:: Data for review

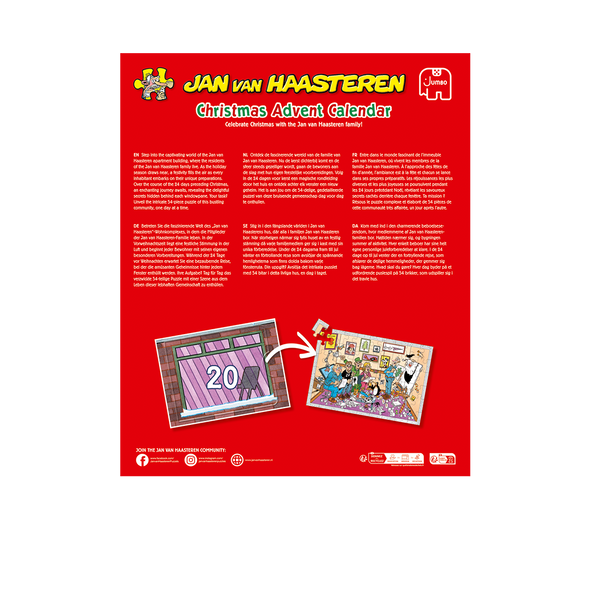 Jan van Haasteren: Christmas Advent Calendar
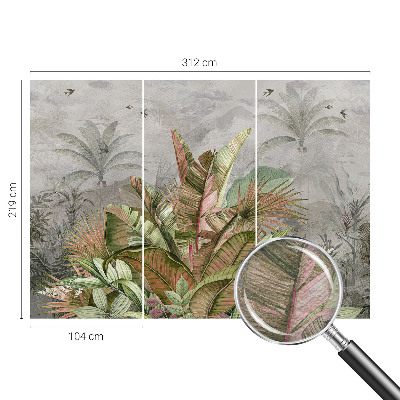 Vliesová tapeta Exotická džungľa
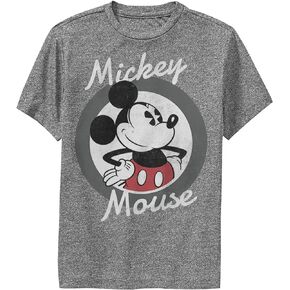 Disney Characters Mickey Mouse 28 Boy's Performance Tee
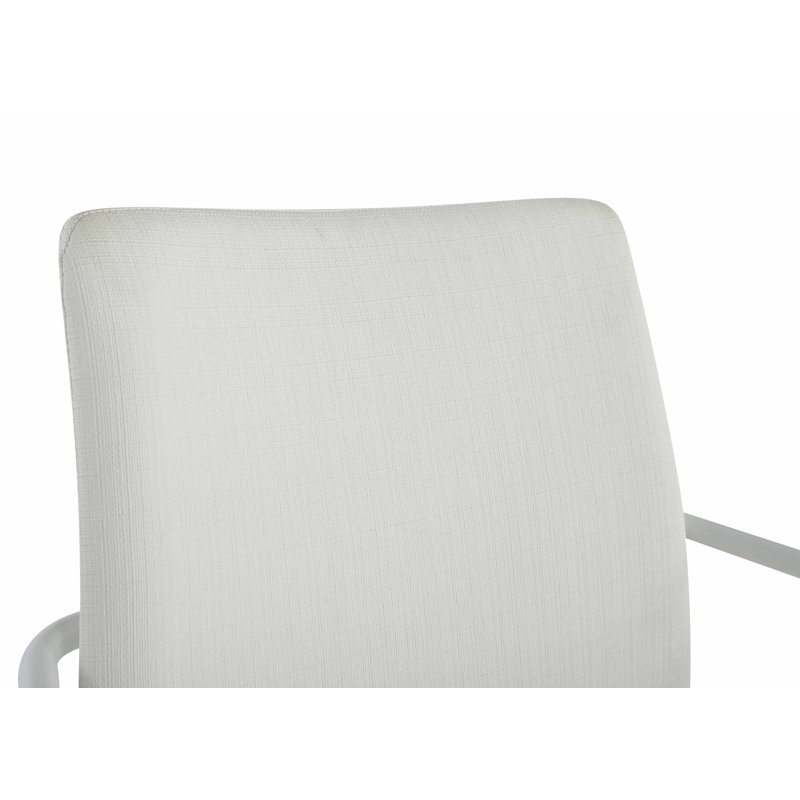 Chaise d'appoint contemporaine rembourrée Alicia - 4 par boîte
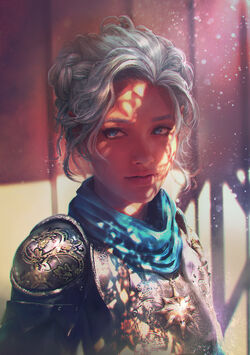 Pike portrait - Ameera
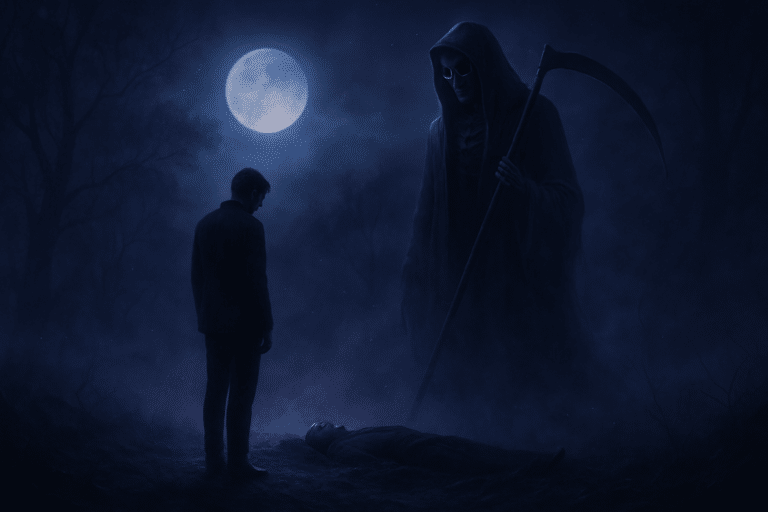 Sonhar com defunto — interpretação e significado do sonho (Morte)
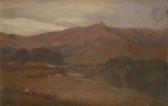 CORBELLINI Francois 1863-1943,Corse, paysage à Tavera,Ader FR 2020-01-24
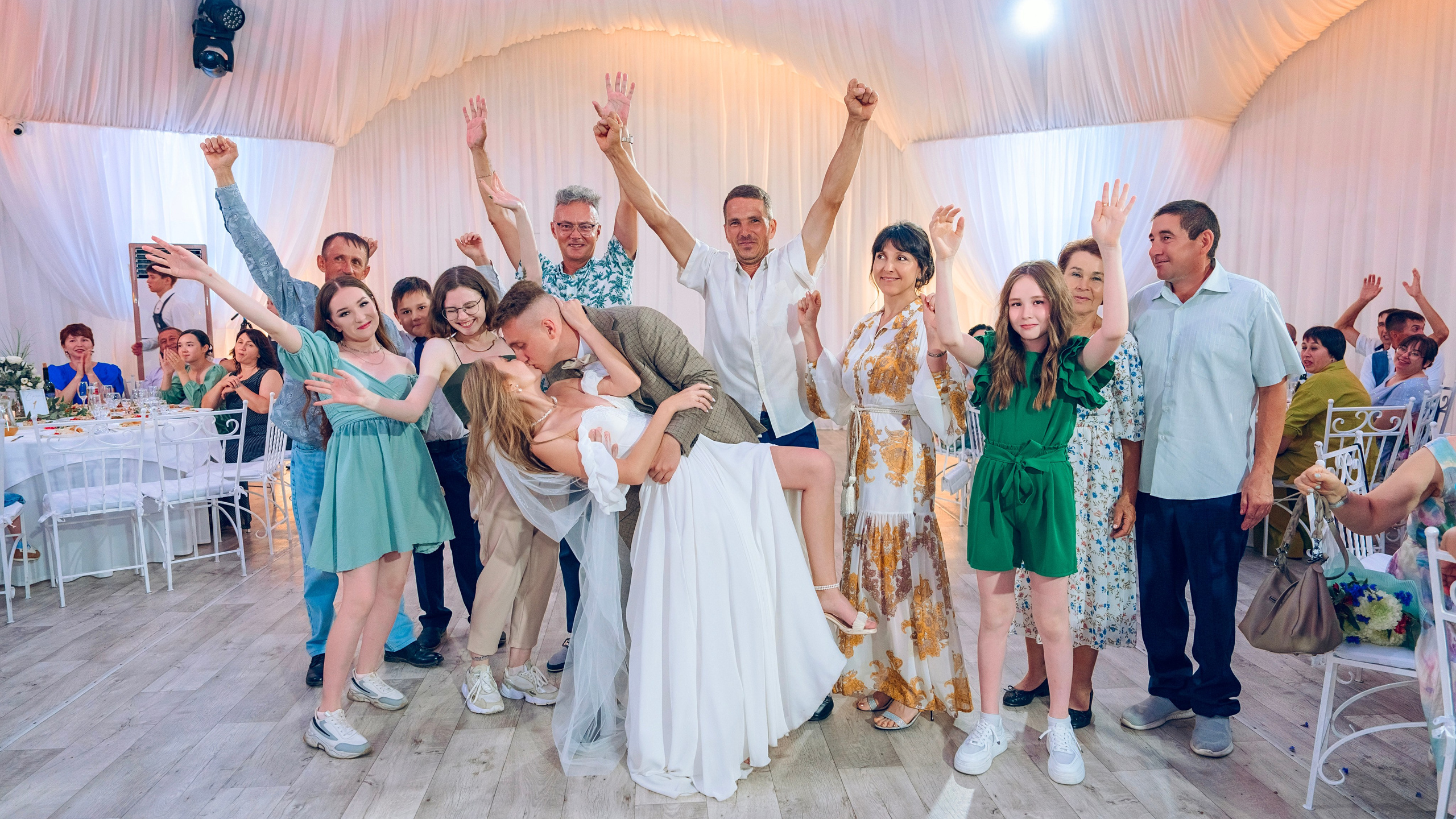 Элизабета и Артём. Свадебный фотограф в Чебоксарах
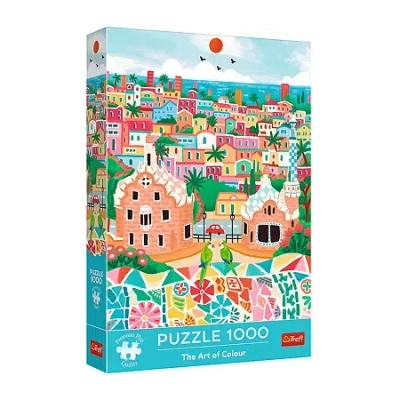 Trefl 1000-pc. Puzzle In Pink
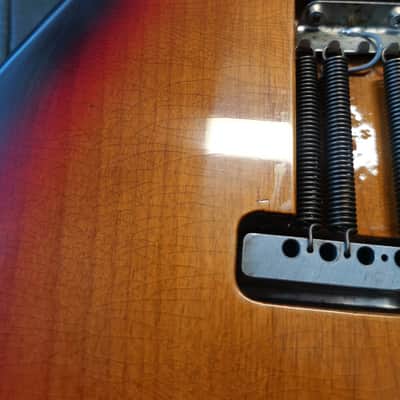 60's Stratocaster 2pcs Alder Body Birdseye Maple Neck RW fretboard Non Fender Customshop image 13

::::
:: Data for review

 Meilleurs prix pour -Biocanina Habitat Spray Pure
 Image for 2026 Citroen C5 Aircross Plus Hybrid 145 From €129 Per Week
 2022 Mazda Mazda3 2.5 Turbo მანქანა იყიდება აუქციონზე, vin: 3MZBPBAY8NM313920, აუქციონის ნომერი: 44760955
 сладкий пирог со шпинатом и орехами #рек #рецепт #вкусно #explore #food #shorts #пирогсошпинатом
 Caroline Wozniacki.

::::

> Work to complete:
Print exactly the lines above that run from the one with "Disney Characters Mickey" down to the one with "60's Stratocaster 2pcs", and omit the pictures.

> Output of the exercise:
 Disney Characters Mickey Mouse 28 Boy's Performance Tee
 Chaise d'appoint contemporaine rembourrée Alicia - 4 par boîte
 Pike portrait - Ameera
 Sonhar com defunto — interpretação e significado do sonho (Morte)
 CORBELLINI Francois 1863-1943,Corse, paysage à Tavera,Ader FR 2020-01-24
 Элизабета и Артём. Свадебный фотограф в Чебоксарах
 Trefl 1000-pc. Puzzle In Pink
 60's Stratocaster 2pcs Alder Body Birdseye Maple Neck RW fretboard Non Fender Customshop image 13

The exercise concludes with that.